Après avoir présenté la vie et l’œuvre de Régis Blachère, on envisage ici les critiques dont fait parfois l’objet sa traduction du Coran. Aussi cette notice introductive déjoue-t-elle un peu les lois du genre. Mais le débat, on le verra, est important 1 .

Régis Blachère, éléments de biographie

Durant une quarantaine d’années – depuis 1935, date de sa nomination à l’École nationale des langues orientales vivantes (ENLOV), jusqu’à son décès en 1973 – Régis Blachère est l’une des figures les plus marquantes des études arabes en France. Il occupe successivement ou concurremment les fonctions de directeur d’études de philologie arabe à la IVe section de l’EPHE (1942-1968), de titulaire de la chaire de philologie et littérature arabe à la Sorbonne (1950-1970), et de directeur de l’Institut des études islamiques de l’Académie de Paris (1956-1965). Membre de l’Académie des inscriptions et belles-lettres en 1972, il ne peut y siéger qu’un an, décédant le 7 août 1973.
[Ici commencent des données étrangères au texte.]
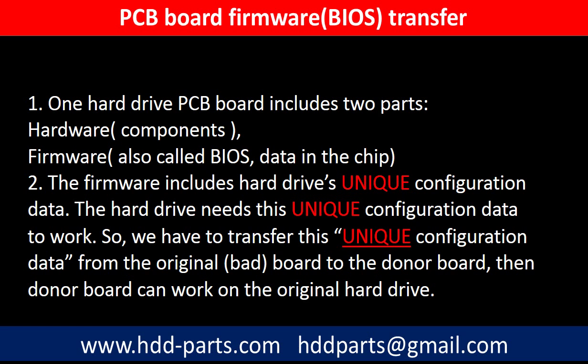Why do we have to do the PCB board firmware transfer? Because for this model hard drive, one PCB board includes two parts: hardware and firmware. The PCB board firmware includes the hard drive's unique configuration data. The hard drive needs this unique configuration data to work, so we have to transfer it from the original board to the donor board so the donor board can work on the original hard drive.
Né à Montrouge en 1900, d’une famille modeste, il entre en contact avec le monde arabe en 1915 quand son père est nommé dans la fonction publique au Maroc. Aussitôt il se met à apprendre l’arabe. Il termine ses études secondaires au Lycée Lyautey de Casablanca. Se destinant primitivement à une carrière dans l’interprétariat, il s’oriente, à la suggestion de ses professeurs, vers l’enseignement de l’arabe et suit la carrière habituelle : licence (1922, Faculté des lettres d’Alger), agrégation (1924), thèses de doctorat (1936). Au début de son parcours scientifique, il s’intéresse aux géographes, publiant en 1932 ses Extraits des principaux géographes arabes du Moyen Âge. Il ne délaisse pas ce sujet, mais très vite se consacre aux trois domaines auxquels il apporte une contribution importante : la langue, la littérature, l’islamologie.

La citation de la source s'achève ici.